What you will do:
Only the pictures are to be omitted; everything else in the listing must be reproduced exactly.

Data shown:
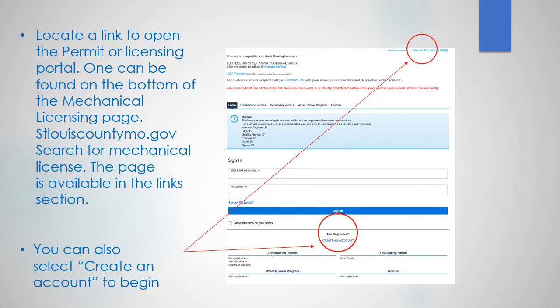You need to open a link to the permitting or the licensing portal to begin. One can be found on the bottom of the mechanical licensing page. Search for mechanical licensing. The page is available in the links section. You can also select create an account to begin.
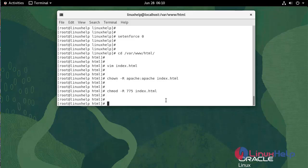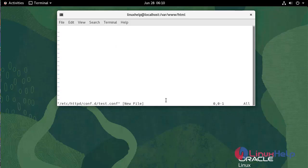Now create the configuration file. Use the following command. Make insert the virtual host configuration and settings.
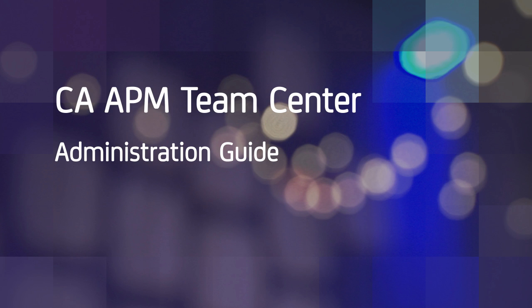New in CA APM 10.2, Enterprise Team Center gives you visibility of your complete environment. In this quick guide video for administrators, we'll show you how to set up an Enterprise Team Center environment and create universes for your analysts.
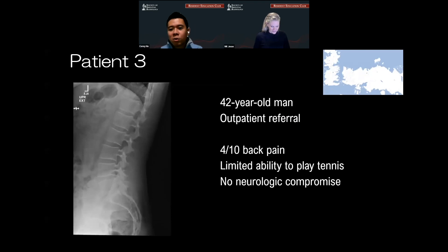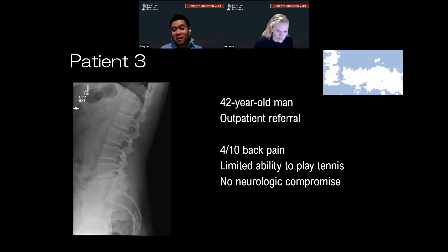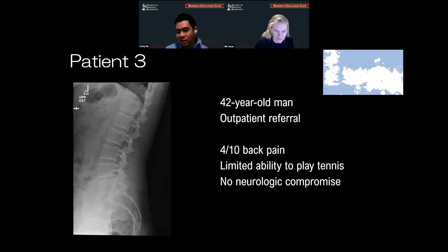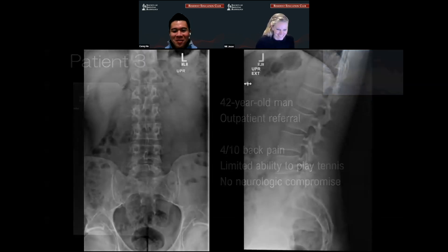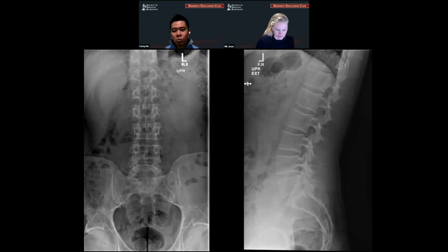Patient three is a 42-year-old man without patient referral, 4 out of 10 back pain, limited ability to play tennis without neurologic compromise. This was referred to us and further research found that the patient had actually majored in tennis in college — he was not actually part of the ATP tour. These are your plain films. There's really not that much degeneration on this patient — obviously the patient's an active tennis player and just trying to find other causes. The plain films are read as basically normal.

Solution:
You need to open a link to the permitting or the licensing portal to begin. One can be found on the bottom of the mechanical licensing page. Search for mechanical licensing. The page is available in the links section. You can also select create an account to begin.
Now create the configuration file. Use the following command. Make insert the virtual host configuration and settings.
New in CA APM 10.2, Enterprise Team Center gives you visibility of your complete environment. In this quick guide video for administrators, we'll show you how to set up an Enterprise Team Center environment and create universes for your analysts.
Patient three is a 42-year-old man without patient referral, 4 out of 10 back pain, limited ability to play tennis without neurologic compromise. This was referred to us and further research found that the patient had actually majored in tennis in college — he was not actually part of the ATP tour. These are your plain films. There's really not that much degeneration on this patient — obviously the patient's an active tennis player and just trying to find other causes. The plain films are read as basically normal.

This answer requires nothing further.